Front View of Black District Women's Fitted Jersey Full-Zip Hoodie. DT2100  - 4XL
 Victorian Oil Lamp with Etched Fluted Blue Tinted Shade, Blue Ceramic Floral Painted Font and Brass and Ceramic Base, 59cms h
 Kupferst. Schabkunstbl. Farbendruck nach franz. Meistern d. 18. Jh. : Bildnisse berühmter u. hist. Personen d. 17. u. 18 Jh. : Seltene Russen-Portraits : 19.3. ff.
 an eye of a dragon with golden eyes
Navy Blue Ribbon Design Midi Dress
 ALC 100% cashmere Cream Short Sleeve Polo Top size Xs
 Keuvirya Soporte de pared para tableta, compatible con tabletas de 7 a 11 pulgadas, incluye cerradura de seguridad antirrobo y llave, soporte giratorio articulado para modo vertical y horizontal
================================
> _What the exercise asks_:
Please return all lines in the material above that include the word "Blue".

> _Response to this task_:
 Victorian Oil Lamp with Etched Fluted Blue Tinted Shade, Blue Ceramic Floral Painted Font and Brass and Ceramic Base, 59cms h
Navy Blue Ribbon Design Midi Dress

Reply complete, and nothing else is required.